After his recent string of political films, Errol Morris returns to his journalistic roots in Tabloid, a quirky account of former model Joyce McKinney who was accused of raping a Mormon Missionary in 1977. This unbelievable tale is captured with poignant distinction as it examines the distortions of reality that are presented by the media and the lies that we tell ourselves to be true.

Moving into the fourth decade of his career, Morris must have realised he had struck gold upon discovering this forgotten story of love and madness. An American girl, Joyce McKinney, falls in love with Mormon Kirk Anderson. After he is sent to England to conduct missionary work, she becomes determined to win him back through kidnapping him and consummating their relationship. The story caused a scandal in the British press and catapulted Joyce to celebrity status. Amongst the drama and absurdity, a tabloid battle between the Daily Express and the Daily Mirror developed. Depending on which paper you read, Joyce McKinney was a sweet and innocent All-American girl who was simply in love, or a sex-crazed slut who controlled and dominated men. As one interviewee says, the truth probably lies somewhere in-between. And yet it’s not the truth that we’re after in this film; rather, it is the different accounts and perspectives of truth given. Joyce comes across as so honest and likable that you want to believe her story, despite the fact that most of what she affirms to be true is quite obviously delusion. Watching her, it is fascinating to discover the lies we tell ourselves in order to preserve our personal idea of reality. For Joyce, Kirk was her one true love and they, after all this time, are still destined to be together in this life or the next. While this may not be the actual case, her complete faith towards this truth ignites your desire to accept it anyway.

Completely centred upon its utterly mad yet endearing protagonist, Joyce is simply mesmerising to watch as she tells her story with the upmost romantic conviction. The interrotron, Morris’s camera with a two-way mirror that allows him and those he interviews to look at one another, enables Joyce to provide a surprisingly candid account of her unrequited love and the sacrifices she made to bring him back. Finding fame through the media’s attention, she became one of the first tabloid celebrities that are now omnipresent in today’s media, and also one of the first to fall victim to the bloodthirsty red tops that will go to any length to scoop the most scandalous story.

Her views are juxtaposed with others who knew her, including the journalists who exposed the story. Their anecdotes from the time, through the flamboyant language that they are accustomed to, are complimented by large superimposed texts that explode on to the screen, uttering words such as, ‘Spread-eagled’ and ‘Obsession.’ Rather than use his usual reconstructions to compliment the interviewee’s accounts, Morris uses archive footage, including some filmed by and starring Joyce, to bring her thoughts and feelings to life.

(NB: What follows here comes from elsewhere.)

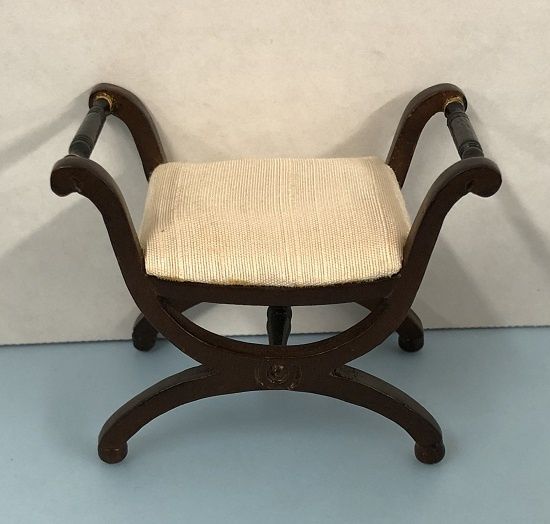 Stool hom114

These clips help anchor her story within a certain time and place, and yet also evoke a sense of loss as the former blonde beauty is contrasted with the older woman that is interviewed presently, a woman who has never married and has lived alone ever since Kirk left her.

Arguably the most important documentary filmmaker alive, Morris relentlessly uses the non-fiction form to examine the reflections of reality that constantly vie with one another. Joyce’s life appears a twisted postmodern fantasy. She acts as if she is the protagonist in her own story, a story that, crucially, lacks the obligatory Hollywood happy ending. After Joyce fails to win back Kirk, she returns to her family farm and films the surrounding countryside with a handheld camera, morosely stating, “nothing is happening.” Such a statement reveals more about Joyce’s life than all the media attention that has come before. When the cameras aren’t swarming around her, and the media hysteria has died down, we are left with a simple tale of unrequited love, longing and loneliness.

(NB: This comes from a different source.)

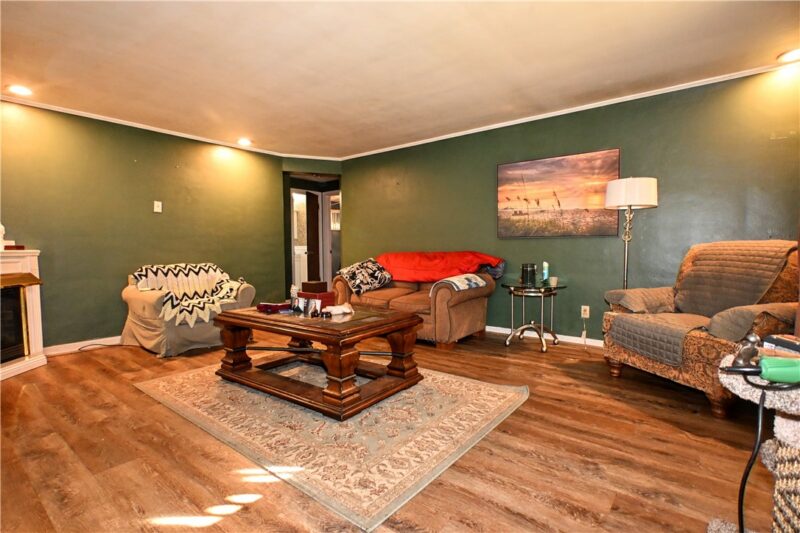 1037 Old Hills Rd — photo 3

Watching this film brought to mind uncanny parallels with another tabloid story in the news this past month, that of the recently released Amanda Knox.

Like with Joyce McKinney, the newspapers leapt upon the sexually violent story and the public’s opinions were shaped by how the media dictated events. Knox is currently planning on writing and publishing her account of the whole ordeal. Joyce McKinney never got a real chance to do that, until now. What she tells might not necessarily be the truth, but it is the telling that we hold on to and remember.

Alfred Joyner

Tabloid (dir. Errol Morris, USA, 2010) is in UK cinemas 11/11/11

Reeling The Real is a website dedicated to the discussion of all kinds of moving image including documentary, film essays, archive re-use, artists' moving image and more.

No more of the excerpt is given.